Men in tights.
The Marvel Ultimate Alliance games are some of my best memories from last generation. Being a fan of comic book games, and of course the heroes found within the Marvel Universe, having a Diablo-style action RPG with that roster that I can play with friends sounds like the perfect recipe for fun. Now, Activision and Marvel have decided to package them up, and sell them to a new generation of gamers, at a premium price of course. The results are certainly a mixed bag.
Activision has a history of stealth releasing these ports, and for the most part without much in the way of upgrades. Marvel Ultimate Alliance 1 and 2 not only continue this trend, but also launched missing key components of the game, as well as a host of technical issues on PC. The DLC from the first game was completely missing, and the PC version shipped with a severe lack of graphical options, and even incorrect button prompts on the controller display. It was a mess.
MSRP: $39.99 (each) $59.99 (package)
Platforms: PS4, XB1, PC
Price I’d Pay: $19.99 (each) $29.99 (package)
Activision and Marvel have since come out and promised to fix the PC issues, which have been done as of this writing, and they are still promising the DLC for the first game on all platforms in the coming weeks. I am glad these things are being addressed, but they should have never shipped without them.
The games themselves haven’t seen much of an update outside of a little visual polish, and some UI changes. Ultimate Alliance 1 still feels very much like a Diablo game with limited loot, while the second outing focuses more on action and introduces a power-up mechanic that allows two characters to perform a special move combining their powers. Both games still feature local and online co-op, and on paper they are packed with plenty to keep players busy, especially those that follow the Marvel lore.
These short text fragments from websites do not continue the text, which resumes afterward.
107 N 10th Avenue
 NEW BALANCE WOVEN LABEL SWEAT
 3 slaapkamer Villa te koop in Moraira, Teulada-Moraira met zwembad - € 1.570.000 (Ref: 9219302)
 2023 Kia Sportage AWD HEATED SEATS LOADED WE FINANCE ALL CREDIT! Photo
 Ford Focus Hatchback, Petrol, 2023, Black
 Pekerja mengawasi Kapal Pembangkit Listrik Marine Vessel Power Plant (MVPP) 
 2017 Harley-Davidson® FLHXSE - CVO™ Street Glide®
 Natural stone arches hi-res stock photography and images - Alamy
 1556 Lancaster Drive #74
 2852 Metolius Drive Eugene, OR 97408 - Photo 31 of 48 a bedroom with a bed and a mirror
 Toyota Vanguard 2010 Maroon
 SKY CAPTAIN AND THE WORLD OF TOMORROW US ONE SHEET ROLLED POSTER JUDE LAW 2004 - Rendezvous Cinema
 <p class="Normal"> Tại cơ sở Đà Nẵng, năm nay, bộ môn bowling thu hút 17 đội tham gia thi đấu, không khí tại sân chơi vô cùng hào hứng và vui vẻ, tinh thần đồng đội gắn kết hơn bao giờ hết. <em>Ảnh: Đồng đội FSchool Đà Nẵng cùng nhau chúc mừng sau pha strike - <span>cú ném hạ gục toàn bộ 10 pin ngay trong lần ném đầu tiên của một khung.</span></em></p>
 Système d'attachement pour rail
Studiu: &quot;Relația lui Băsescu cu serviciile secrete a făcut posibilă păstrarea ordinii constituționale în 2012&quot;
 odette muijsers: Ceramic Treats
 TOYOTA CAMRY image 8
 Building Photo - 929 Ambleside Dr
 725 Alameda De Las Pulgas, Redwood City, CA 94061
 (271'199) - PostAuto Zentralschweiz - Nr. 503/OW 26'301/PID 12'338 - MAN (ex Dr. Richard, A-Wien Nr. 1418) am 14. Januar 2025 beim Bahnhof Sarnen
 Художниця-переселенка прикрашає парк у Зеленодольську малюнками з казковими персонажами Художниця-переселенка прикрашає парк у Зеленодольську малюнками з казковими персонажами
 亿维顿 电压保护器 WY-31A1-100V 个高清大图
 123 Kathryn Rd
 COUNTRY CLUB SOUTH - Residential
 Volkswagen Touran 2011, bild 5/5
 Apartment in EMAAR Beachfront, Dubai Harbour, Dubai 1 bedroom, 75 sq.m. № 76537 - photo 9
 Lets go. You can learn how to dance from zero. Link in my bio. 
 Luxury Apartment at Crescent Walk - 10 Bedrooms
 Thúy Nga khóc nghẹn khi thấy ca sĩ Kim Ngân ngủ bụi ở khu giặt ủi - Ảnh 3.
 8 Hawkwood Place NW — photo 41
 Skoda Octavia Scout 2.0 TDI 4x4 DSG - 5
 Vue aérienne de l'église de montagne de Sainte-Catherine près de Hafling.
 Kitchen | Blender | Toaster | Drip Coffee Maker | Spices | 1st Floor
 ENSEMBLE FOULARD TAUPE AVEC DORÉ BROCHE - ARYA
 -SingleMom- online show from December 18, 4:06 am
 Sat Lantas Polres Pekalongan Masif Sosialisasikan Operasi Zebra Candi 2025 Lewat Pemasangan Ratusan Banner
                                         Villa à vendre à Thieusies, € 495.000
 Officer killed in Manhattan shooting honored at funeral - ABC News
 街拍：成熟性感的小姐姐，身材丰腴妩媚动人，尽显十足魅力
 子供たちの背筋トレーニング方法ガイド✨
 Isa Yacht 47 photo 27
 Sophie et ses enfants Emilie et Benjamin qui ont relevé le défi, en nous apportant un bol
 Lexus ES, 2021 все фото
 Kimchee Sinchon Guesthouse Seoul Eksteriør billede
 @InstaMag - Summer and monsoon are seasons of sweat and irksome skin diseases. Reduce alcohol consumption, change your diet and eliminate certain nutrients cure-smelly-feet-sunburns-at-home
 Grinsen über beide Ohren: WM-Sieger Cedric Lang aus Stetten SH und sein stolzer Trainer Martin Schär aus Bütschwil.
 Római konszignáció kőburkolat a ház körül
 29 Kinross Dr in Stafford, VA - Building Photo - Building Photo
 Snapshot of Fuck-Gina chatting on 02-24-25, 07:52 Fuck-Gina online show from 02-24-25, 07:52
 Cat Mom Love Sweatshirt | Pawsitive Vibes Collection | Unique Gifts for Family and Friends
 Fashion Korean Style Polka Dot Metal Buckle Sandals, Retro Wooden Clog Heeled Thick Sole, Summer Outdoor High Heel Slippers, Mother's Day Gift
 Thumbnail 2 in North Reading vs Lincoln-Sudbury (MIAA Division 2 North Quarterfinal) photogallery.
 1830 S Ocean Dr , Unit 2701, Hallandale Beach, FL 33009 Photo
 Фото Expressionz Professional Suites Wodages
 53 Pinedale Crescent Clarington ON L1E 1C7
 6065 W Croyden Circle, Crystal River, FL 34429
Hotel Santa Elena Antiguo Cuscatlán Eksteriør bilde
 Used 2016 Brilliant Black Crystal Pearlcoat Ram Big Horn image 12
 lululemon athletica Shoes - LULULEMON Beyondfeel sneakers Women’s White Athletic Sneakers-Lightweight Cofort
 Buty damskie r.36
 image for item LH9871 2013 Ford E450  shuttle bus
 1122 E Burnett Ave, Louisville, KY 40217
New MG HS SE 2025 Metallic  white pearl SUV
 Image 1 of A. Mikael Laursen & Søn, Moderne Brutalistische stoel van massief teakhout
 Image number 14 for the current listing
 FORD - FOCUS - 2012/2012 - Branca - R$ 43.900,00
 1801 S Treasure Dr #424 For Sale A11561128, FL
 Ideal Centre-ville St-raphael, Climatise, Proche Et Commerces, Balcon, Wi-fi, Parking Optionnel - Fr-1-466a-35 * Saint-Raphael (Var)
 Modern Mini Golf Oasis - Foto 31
The problem with this package is the price. Shoveling out these two games at $40 a pop (or $30 apiece if I bought them as a bundle) is just insane. Ultimate Alliance 1 is now ten years old, and this version is nothing short of a quick port job. So asking a premium price for not-so-premium work is hard to swallow. If Activision had taken the time to upgrade the visuals, add in all the DLC (I am even talking about the PS2/PSP characters) and fix the issues the original game had, then I could justify that price. Sadly, as it stands, these two great games are marred by their exorbitant price tag.
I am not a naysayer of ports or remasters. I like giving gamers an opportunity to play the best games of last generation on their new hardware, but I want it done right. Marvel Ultimate Alliance 1 and 2 feels very much like a quick port job. I do feel good that Marvel has come out to address the larger issues, and players are getting that content, but the price is still too high a barrier for the state these games were released in.
Review copy of game provided by publisher.